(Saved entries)
==================================================
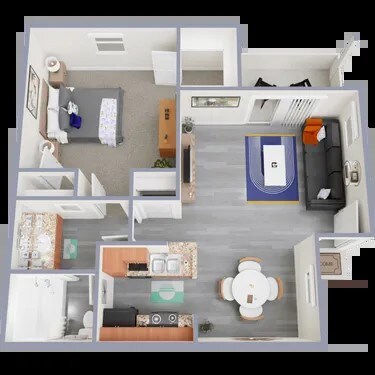 Floor Plan - Birch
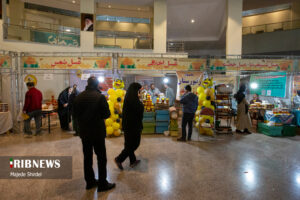 اولین جشنواره زنبورداری، عسل و فرآورده ها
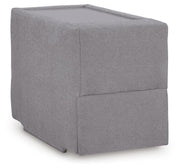 Modmax Granite 5-Piece Sectional with Audio System - 92104S64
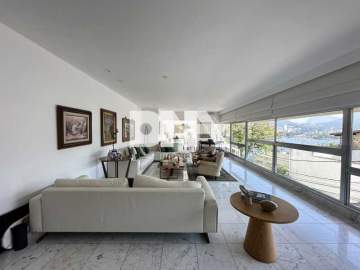 Imperdível - Apartamento 3 quartos à venda Lagoa, Rio de Janeiro - R$ 3.300.000 - CTAP30477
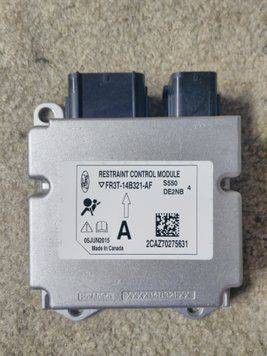 Ремонт блоку SRS AIRBAG FR3T-14B321-AF для Ford New Model 136163 фото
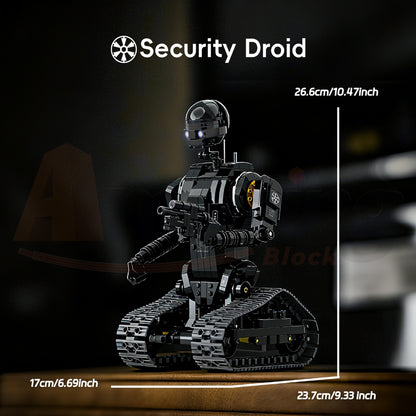 AmazingBlock 70001 The Security Droid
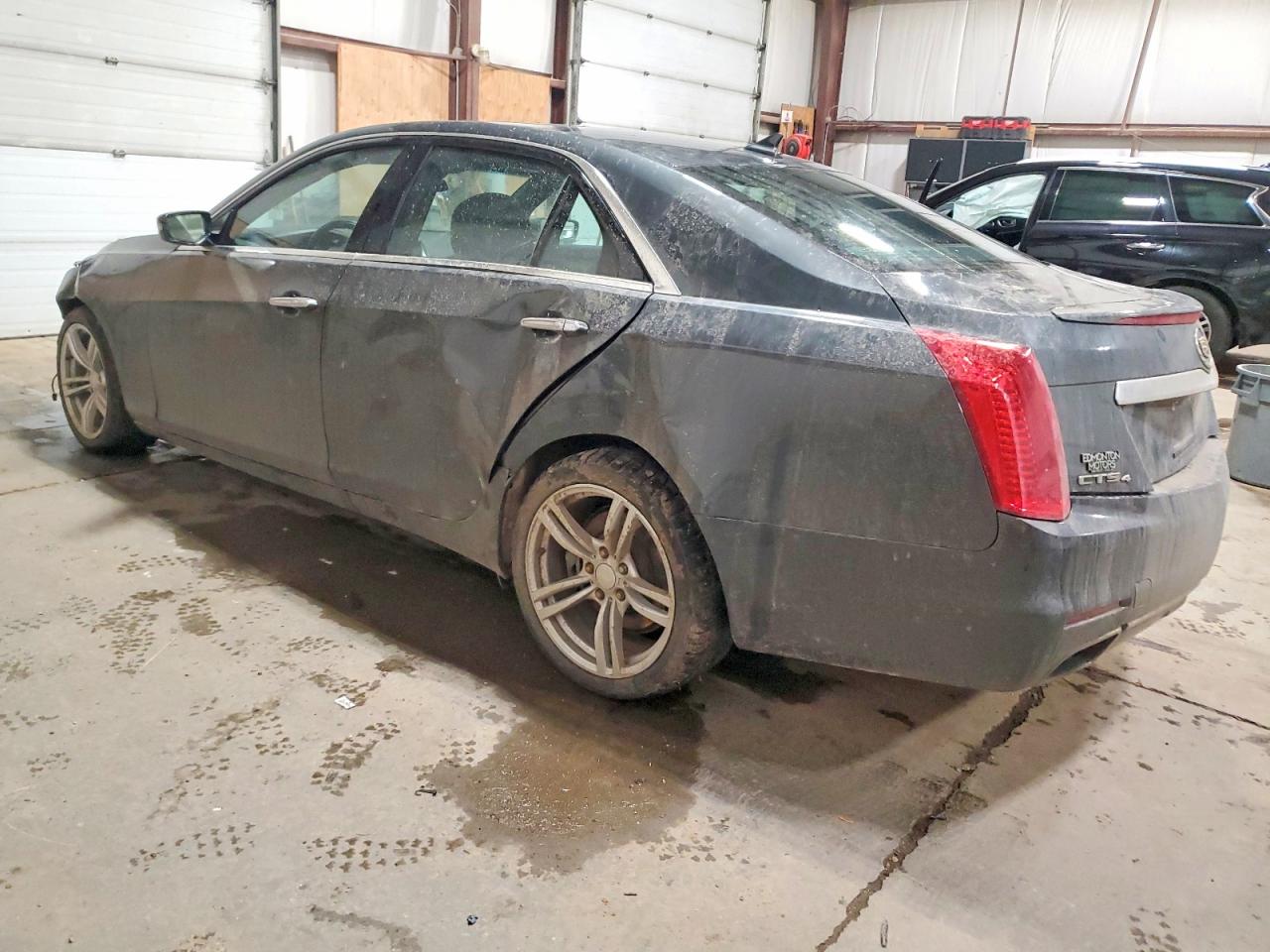 2014 CADILLAC CTS PERFORMANCE COLLECTION photo 2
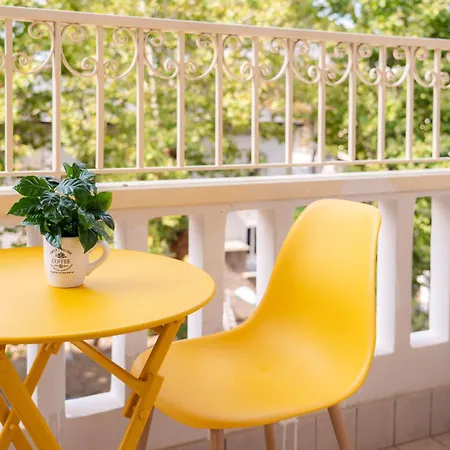 Manolita Hotel apartamentowy Rimini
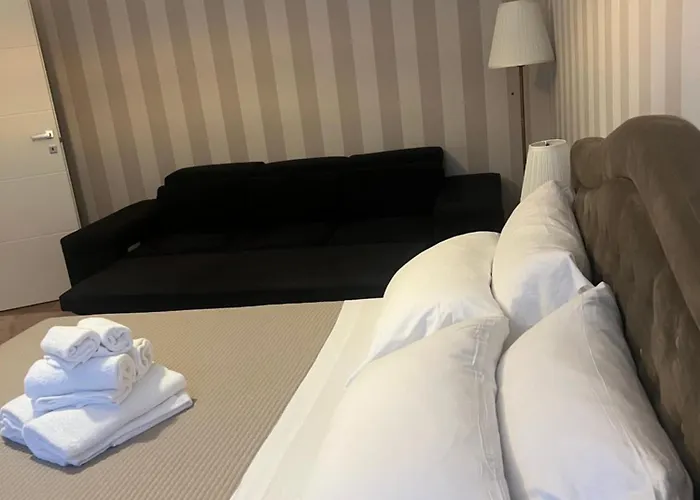 Bed & Breakfast Le Notti Di Gioia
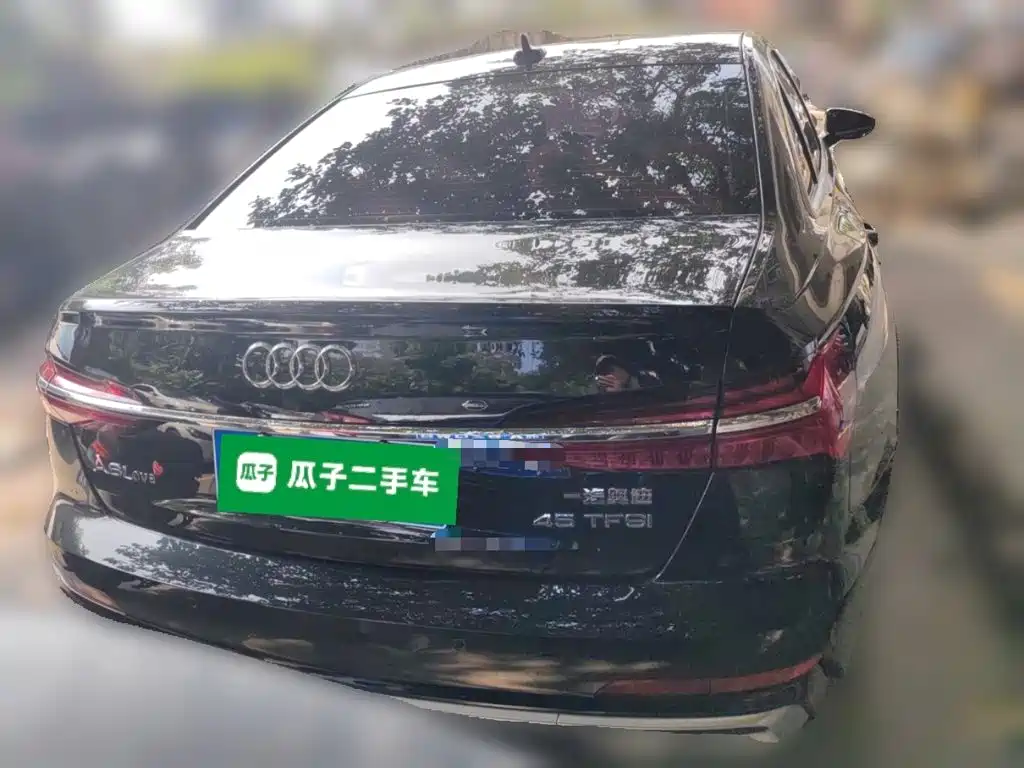 Audi A6L 2024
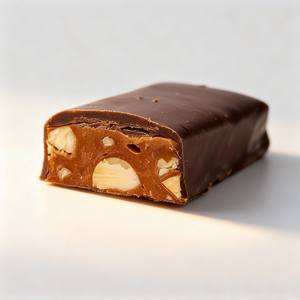 Großhandel Qualität Snickers-Stil Schokoriegel Feste Form mit Kaffee geschmack und Nuss Zusätzliche Zutat Online Kaufen - Product Image 6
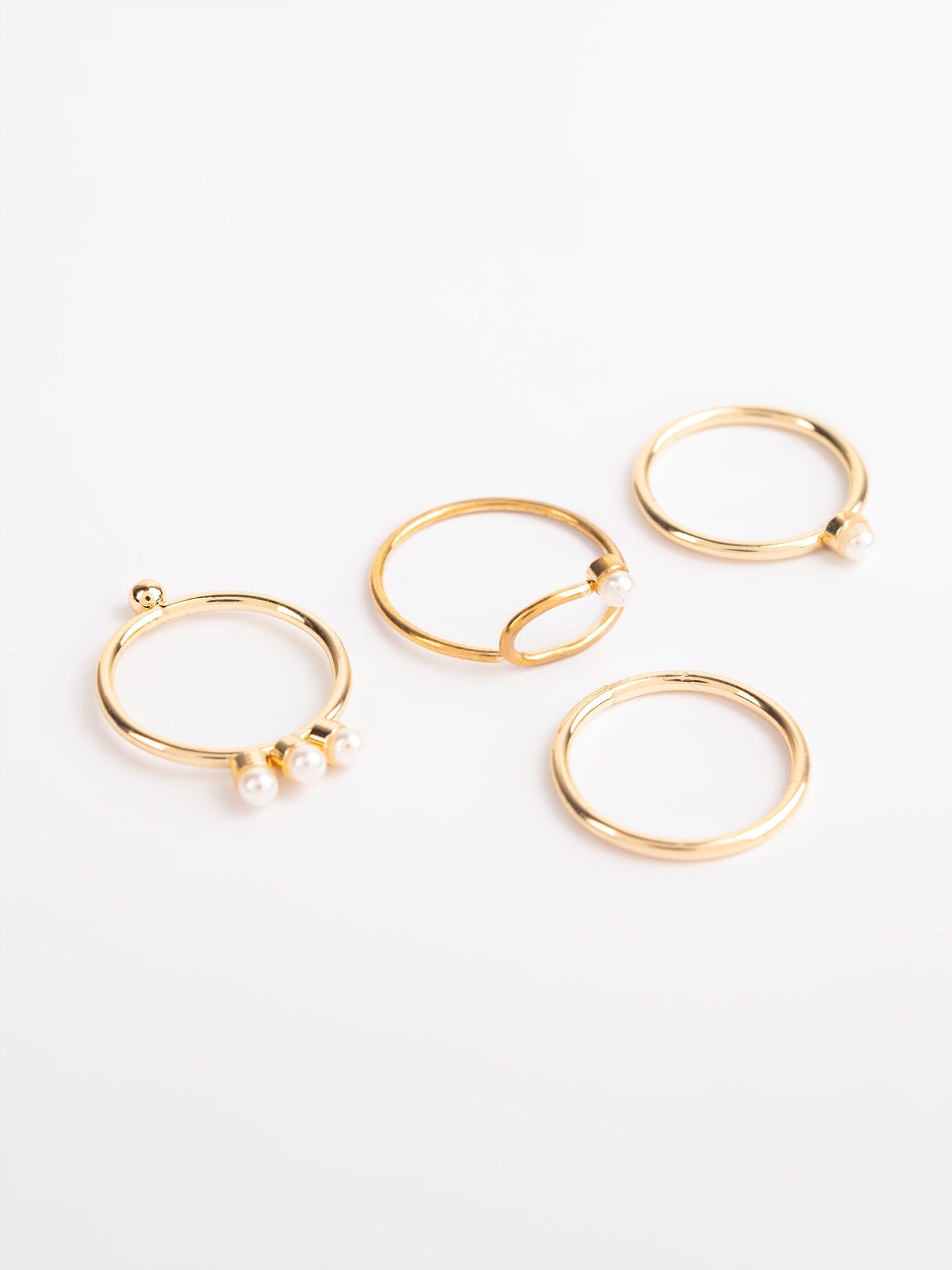 Elegant Rings
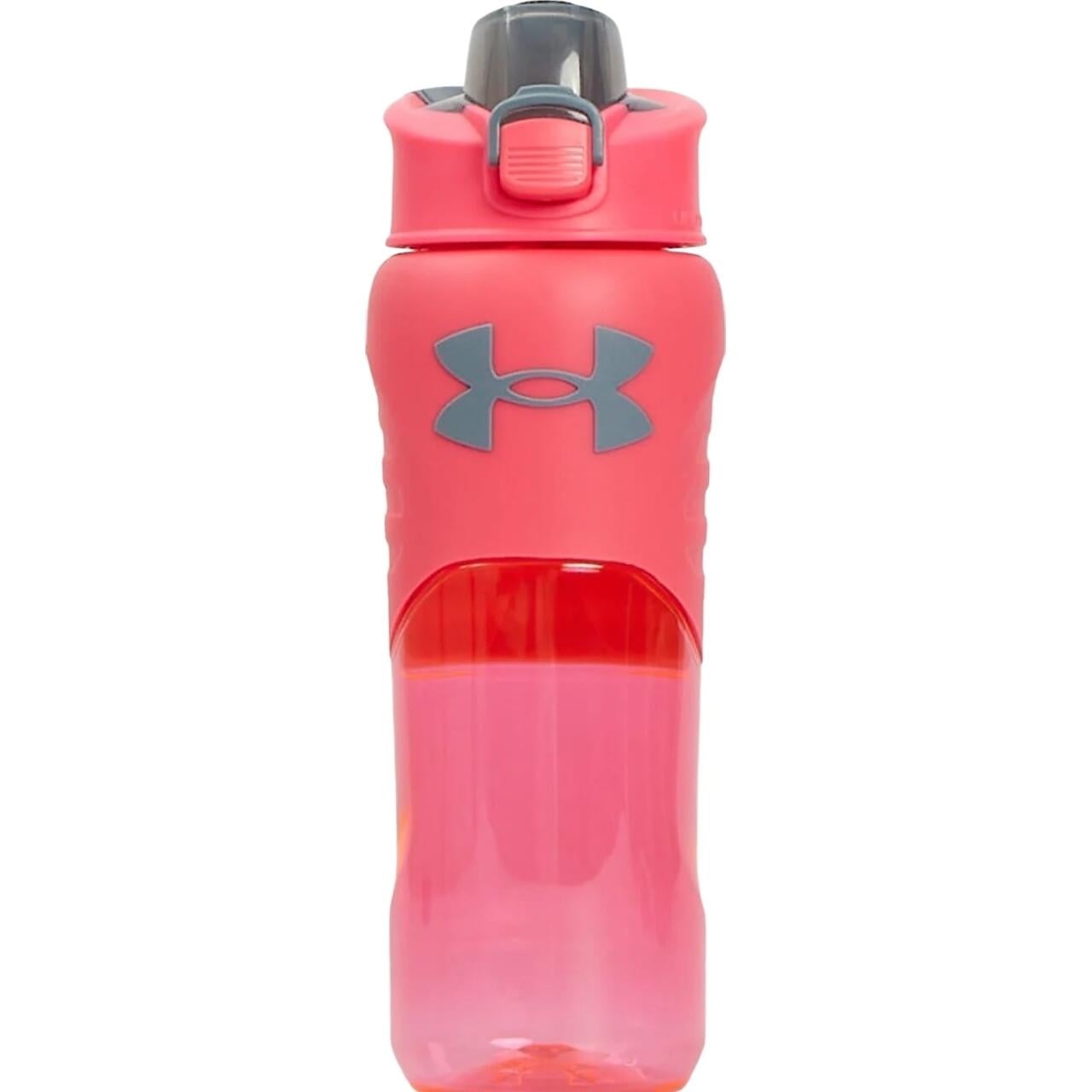 Бутылка для воды Under Armour CLARITY 24OZ 700 мл Розовый (UA71190-20220) Бутылка для воды Under Armour CLARITY 24OZ 700 мл Розовый (UA71190-20220)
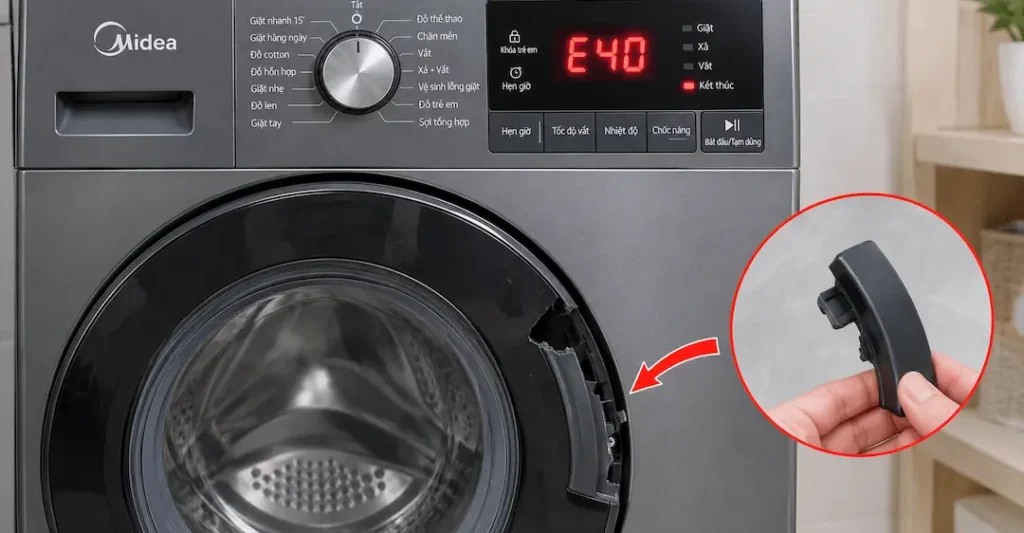 Lưu ý an toàn khi tự kiểm tra lỗi E40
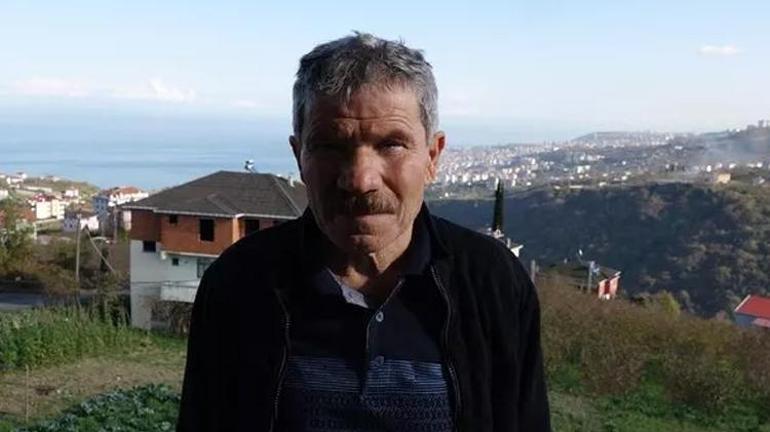Yer: Trabzon... Öldüm, dirildim 62 yaşında hayatının şokunu yaşadı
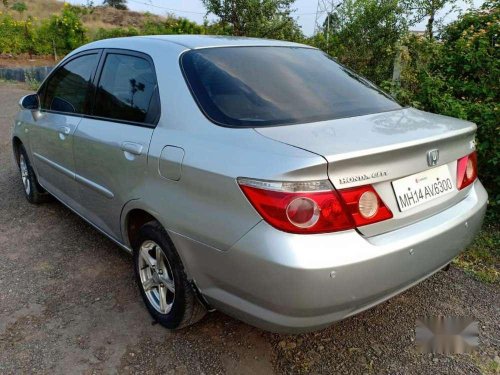 Used Honda City ZX GXi, 2007, Petrol MT for sale in Pune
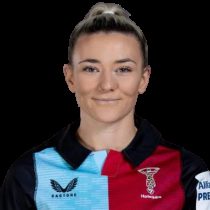 Beth Wilcock rugby player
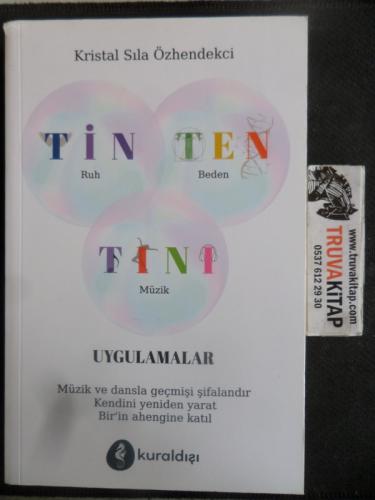Tin Ten Tını Uygulamalar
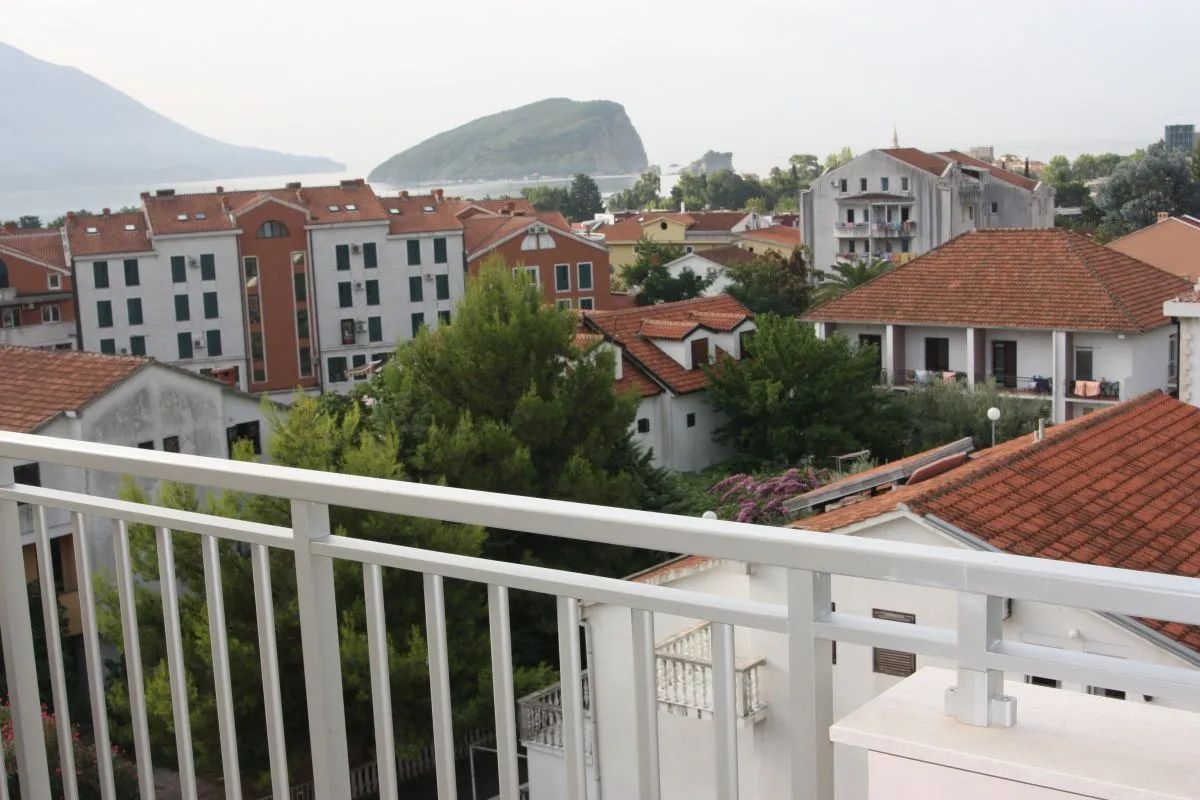 Sale, apartment, 93m², Budva, Crna Gora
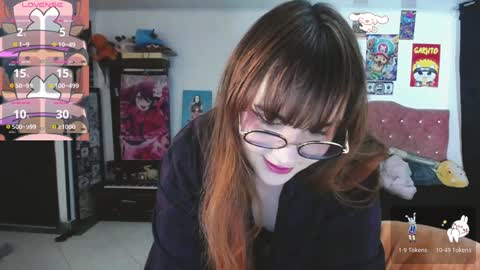 Snapshot of avril2809 chatting on 02.04.25 Abril online show from 02.04.25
==================================================
◆ **REQUIREMENT**:
Please return, without any change, the lines from the line containing "Sale, apartment, 93m², Budva, Crna Gora" through the last line of the entries, dropping the pictures.

◆ **FINAL ANSWER**:
 Sale, apartment, 93m², Budva, Crna Gora
 Snapshot of avril2809 chatting on 02.04.25 Abril online show from 02.04.25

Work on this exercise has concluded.